→ INSTRUCTIONS TO FOLLOW
Copy the lines below exactly, starting at the one with "a bouquet with" and ending at the one with "Dunkelhäutige Glücklich, aufgeregt, der", and leave out any picture.

═════ RECORDS FOR THE TASK

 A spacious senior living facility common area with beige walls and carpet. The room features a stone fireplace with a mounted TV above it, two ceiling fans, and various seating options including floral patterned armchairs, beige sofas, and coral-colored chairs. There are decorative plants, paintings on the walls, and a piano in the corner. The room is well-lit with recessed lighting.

══════════
═════ RECORDS FOR THE TASK

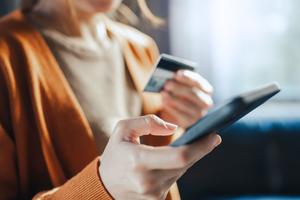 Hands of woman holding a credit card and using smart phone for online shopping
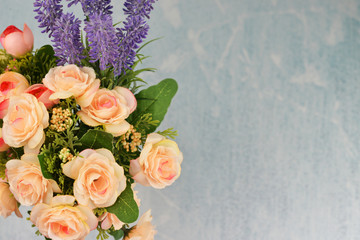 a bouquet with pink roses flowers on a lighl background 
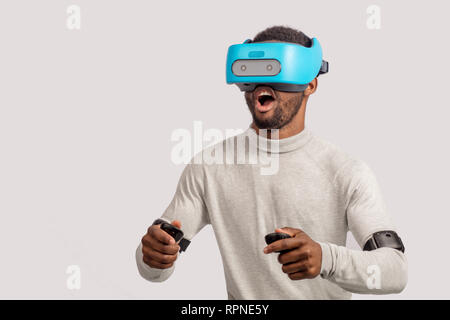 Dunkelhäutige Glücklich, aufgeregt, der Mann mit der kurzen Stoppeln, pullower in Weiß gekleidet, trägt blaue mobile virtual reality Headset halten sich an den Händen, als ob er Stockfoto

══════════

→ RESPONSE BOX
 a bouquet with pink roses flowers on a lighl background 
 Dunkelhäutige Glücklich, aufgeregt, der Mann mit der kurzen Stoppeln, pullower in Weiß gekleidet, trägt blaue mobile virtual reality Headset halten sich an den Händen, als ob er Stockfoto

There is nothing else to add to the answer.